Commentaires : une minorité dangereuse rôde sur le Web

[François Krug | Eco89 | 07/10/2009 ]

Une tribune des Echos de ce mercredi matin m’a fait sursauter. Un pro de la communication de crise alerte les entreprises sur une nouvelle menace : les internautes qui laissent des commentaires sur le Web, des oisifs qui « peuvent consacrer un plein-temps au dénigrement d’une société ». Parmi eux peut-être, beaucoup de lecteurs de Rue89 et Eco89. Cela méritait de s’en expliquer avec l’auteur.

Samuel Morillon est le directeur général de Cybion, société spécialisée dans le conseil en communication de crise sur Internet. Son métier : surveiller la réputation de ses clients sur le Web et, le cas échéant, tenter de l’améliorer.

« Double personnalité » : Difficile de contester le point de départ de son analyse. Comme Rue89 a pu le constater chez ses riverains, les internautes publiant des commentaires restent minoritaires. Parmi eux, un noyau dur est particulièrement actif.

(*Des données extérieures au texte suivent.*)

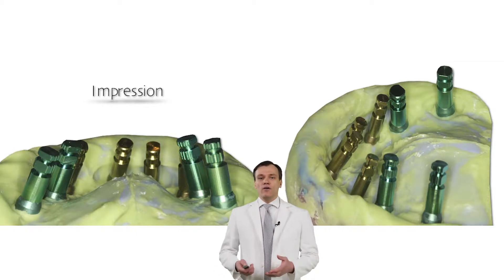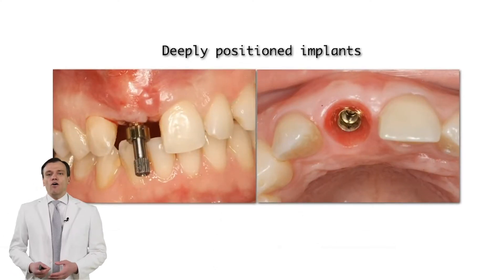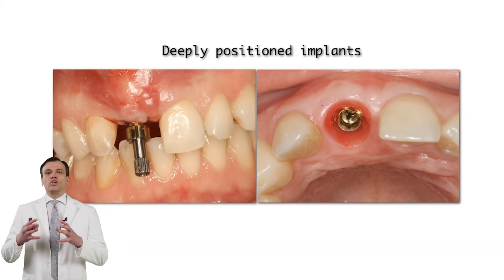Let's start with the idea of why we need an impression. Of course, we need to transfer.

Actif et dangereux, avertit Samuel Morillon dans sa tribune :

« Les contenus générés par ces internautes surreprésentés sur la Toile influencent le lectorat général,  celui qui consomme de l’Internet, mais qui produit peu. Le positionnement idéologique souvent radical de ce noyau d’internautes, renforcé par la pratique courante de l’anonymat, représente une menace pour les entreprises. »

Cela ne manque pas forcément de bon sens. Ce qui étonne davantage, c’est ce portrait-robot dressé par Cybion à partir d’études maison :

« Ces internautes ont souvent une double personnalité “on line-off line”. S’ils sont principalement urbains, ils vivent au sein de leur communauté de pensée et ils utilisent en moyenne deux avatars, souvent de sexes différents (…).

Selon nos études, ces internautes sont souvent inactifs (sans emploi, étudiants…) et peuvent consacrer un plein-temps au dénigrement d’une société. »

C’est vrai qu’il y a de quoi avoir peur. Le couteau entre les dents, des milliers d’internautes schizophrènes et transexuels sèchent les cours à la fac et les rendez-vous à Pôle Emploi dans un seul but, nuire à la réputation immaculée de Total, France Télécom ou Areva.

100 000 internautes à suivre de près : Ne voulant pas rester sur cette impression caricaturale, j’ai contacté Samuel Morillon. Le directeur général de Cybion m’a assuré qu’il n’y avait « pas de jugement » dans cette description des internautes-commentateurs.  Mais il est resté très vague sur la méthodologie adoptée pour ces études. Cybion a fait appel à « plusieurs thésards qui travaillent sur le sujet » et a suivi « une démarche marketing classique, avec des études quantitatives et des étude qualitatives » (des statistiques et des entretiens avec des internautes).

Dans Les Echos, Samuel Morillon évalue cette minorité « qui fait l’opinion sur le Web » à 100 000 personnes. Au téléphone, il est moins catégorique : évidemment, « c’est un ordre de grandeur ».

En tout cas, avec une trentaine de millions d’internautes en France, cette minorité est extrêmement minoritaire. Et pourtant, son influence et son pouvoir de nuisance suffisent à faire trembler les entreprises. Les commentateurs réguliers de Rue89 et Eco89 peuvent donc être fiers.

Détail amusant : les fondateurs de Cybion, Carlo Revelli et Joël de Rosnay, sont aussi ceux de la fondation Agoravox, qui supervise le site du même nom. Un « média citoyen » qui a beaucoup contribué à l’émergence de cette dangereuse minorité qui inquiète tant Cybion.